But as the years and the decades passed, many now waited impatiently for Haloch to finish the text. The irony of this, as the date of completion drew near, was the apparent lack of interest from either the King or his Loremasters. They were conspicuously absent, sequestering themselves in the King’s city of Valerian, far to the Northeast. It was as though they had withdrawn themselves to a safe distance, waiting for something to happen.

As the day of completion drew near, several of the older scholars began to grow concerned, fearing that the King meant to betray them in some manner. This fear was not unfounded, for some of them had first-hand knowledge of the King’s private obsession with eternal life: namely his own. They began to wonder and worry if the King’s absence and the Book’s completion were somehow linked . . .

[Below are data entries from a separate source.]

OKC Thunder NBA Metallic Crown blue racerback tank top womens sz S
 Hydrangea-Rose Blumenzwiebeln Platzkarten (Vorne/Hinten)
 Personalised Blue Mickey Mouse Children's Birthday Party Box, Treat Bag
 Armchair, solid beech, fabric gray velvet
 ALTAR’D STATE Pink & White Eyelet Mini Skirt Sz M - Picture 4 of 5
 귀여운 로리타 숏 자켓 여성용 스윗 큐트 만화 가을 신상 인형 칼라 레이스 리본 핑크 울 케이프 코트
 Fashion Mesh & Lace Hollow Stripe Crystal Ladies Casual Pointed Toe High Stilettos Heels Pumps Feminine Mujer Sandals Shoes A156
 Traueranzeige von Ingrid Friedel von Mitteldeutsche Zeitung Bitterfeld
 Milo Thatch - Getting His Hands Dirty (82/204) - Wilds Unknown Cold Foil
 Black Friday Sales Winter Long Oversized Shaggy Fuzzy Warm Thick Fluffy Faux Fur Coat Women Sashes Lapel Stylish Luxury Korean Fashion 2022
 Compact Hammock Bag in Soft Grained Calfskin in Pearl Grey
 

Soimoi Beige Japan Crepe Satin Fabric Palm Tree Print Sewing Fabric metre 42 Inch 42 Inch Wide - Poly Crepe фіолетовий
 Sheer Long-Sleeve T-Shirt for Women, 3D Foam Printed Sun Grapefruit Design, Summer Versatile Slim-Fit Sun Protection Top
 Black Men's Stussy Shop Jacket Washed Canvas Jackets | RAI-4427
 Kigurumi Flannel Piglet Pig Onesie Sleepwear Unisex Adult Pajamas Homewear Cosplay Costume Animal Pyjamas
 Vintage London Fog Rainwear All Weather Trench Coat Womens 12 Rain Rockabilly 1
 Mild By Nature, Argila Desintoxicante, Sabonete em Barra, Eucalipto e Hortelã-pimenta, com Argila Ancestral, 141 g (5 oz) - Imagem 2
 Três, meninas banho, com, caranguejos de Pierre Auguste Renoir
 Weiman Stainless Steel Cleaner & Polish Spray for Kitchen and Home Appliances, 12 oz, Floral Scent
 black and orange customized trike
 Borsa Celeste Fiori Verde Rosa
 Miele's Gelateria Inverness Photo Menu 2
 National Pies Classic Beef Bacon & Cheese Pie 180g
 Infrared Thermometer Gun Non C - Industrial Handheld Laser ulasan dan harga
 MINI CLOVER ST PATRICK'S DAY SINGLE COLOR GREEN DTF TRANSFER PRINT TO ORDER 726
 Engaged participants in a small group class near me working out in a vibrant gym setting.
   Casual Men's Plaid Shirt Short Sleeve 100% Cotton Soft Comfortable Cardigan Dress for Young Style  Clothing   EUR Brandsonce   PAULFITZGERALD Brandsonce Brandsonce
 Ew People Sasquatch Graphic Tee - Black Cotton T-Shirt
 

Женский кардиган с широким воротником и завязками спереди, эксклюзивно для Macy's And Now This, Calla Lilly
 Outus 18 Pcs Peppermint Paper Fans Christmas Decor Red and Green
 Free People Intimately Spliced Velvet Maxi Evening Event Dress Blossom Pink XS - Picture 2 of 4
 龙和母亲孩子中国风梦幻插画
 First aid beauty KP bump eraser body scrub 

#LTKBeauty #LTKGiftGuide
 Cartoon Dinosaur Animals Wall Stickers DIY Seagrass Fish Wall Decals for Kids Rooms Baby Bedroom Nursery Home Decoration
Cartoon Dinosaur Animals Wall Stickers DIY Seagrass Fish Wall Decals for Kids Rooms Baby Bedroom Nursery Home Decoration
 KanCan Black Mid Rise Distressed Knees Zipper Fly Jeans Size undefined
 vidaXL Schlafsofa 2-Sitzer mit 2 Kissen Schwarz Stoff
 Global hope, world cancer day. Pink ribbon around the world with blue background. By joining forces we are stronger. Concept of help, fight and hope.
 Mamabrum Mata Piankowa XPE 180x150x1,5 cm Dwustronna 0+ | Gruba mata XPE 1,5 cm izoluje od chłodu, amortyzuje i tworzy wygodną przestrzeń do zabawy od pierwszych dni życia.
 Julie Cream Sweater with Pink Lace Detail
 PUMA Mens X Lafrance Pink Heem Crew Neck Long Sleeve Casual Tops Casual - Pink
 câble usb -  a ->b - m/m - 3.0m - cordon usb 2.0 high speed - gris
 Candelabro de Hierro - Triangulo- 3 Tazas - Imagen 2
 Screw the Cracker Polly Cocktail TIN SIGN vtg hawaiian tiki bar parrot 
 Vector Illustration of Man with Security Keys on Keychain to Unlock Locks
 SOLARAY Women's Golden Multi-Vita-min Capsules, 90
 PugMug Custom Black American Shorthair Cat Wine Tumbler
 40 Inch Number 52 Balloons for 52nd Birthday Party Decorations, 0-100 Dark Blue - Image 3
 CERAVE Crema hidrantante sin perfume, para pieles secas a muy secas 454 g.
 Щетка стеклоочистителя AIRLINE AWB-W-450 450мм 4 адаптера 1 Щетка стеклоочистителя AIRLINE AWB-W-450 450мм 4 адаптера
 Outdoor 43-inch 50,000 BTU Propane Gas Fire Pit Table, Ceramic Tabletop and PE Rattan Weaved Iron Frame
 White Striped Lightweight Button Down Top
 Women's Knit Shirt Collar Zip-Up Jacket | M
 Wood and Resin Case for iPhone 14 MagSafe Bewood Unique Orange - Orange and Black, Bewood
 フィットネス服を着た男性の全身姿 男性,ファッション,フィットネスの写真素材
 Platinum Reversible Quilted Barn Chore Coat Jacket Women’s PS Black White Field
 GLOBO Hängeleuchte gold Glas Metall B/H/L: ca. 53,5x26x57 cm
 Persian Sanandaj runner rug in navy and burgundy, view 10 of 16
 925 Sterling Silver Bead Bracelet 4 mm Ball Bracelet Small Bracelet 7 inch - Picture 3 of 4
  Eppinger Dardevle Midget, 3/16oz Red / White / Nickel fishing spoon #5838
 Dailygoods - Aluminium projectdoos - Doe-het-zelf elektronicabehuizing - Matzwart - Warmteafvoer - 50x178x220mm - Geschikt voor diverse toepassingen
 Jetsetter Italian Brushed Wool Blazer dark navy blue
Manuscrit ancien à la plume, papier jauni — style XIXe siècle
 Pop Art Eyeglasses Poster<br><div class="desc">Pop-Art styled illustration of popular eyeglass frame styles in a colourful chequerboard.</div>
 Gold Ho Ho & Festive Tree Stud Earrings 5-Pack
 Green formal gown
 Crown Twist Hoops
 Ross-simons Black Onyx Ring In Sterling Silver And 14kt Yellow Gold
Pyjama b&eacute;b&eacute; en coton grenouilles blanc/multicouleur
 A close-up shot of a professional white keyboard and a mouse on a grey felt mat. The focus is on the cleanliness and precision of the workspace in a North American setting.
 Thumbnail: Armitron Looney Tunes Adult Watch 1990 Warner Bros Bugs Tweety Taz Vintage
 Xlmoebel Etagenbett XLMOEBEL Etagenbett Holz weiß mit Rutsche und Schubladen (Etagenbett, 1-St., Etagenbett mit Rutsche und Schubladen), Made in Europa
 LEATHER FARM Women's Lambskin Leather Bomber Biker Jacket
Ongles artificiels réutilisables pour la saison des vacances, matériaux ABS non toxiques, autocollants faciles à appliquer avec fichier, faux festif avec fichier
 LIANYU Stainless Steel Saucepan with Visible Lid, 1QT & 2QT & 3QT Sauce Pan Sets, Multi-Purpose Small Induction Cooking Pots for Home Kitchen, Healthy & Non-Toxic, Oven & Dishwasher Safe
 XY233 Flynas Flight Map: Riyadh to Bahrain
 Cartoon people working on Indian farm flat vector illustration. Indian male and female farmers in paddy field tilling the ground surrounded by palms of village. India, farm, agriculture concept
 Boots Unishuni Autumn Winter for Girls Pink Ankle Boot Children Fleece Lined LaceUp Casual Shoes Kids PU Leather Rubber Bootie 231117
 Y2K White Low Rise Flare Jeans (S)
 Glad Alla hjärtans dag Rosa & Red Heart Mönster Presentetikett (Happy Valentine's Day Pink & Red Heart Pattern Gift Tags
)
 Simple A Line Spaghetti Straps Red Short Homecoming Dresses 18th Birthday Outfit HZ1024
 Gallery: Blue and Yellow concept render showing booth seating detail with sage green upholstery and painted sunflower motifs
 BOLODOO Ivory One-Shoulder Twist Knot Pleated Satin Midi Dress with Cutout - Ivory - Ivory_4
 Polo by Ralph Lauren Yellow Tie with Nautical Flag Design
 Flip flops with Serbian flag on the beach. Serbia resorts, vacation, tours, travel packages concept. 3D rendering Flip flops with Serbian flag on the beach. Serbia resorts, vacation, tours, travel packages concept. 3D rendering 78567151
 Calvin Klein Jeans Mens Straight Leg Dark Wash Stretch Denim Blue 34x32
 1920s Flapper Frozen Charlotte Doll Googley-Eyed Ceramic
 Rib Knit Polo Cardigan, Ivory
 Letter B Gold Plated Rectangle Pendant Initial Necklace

Small-minded fools! They think the world revolves around themselves and their works! The false Adjunct had to suppress a tremor of anger. What the Scholastic community did not know, of course, what had been carefully kept from them from the beginning, was the fact that Haloch had been told to finish the final illustration, which was incomplete. The old Scribe was secretly (so he thought) looking forward to this final piece of work, for in his entire life, he had never been directly involved in the creative process. He saw this as a fitting way to retire, capping the completion of his life’s work. That the groundwork for the illustration was clearly laid out disturbed him not at all. When he was done, his copy would reflect the outcome of the original, had its author seen fit to complete it himself. Then, in his own mind at least, he could pack up his Scribing tools for the last time, and spend his remaining days in retirement collecting his pension.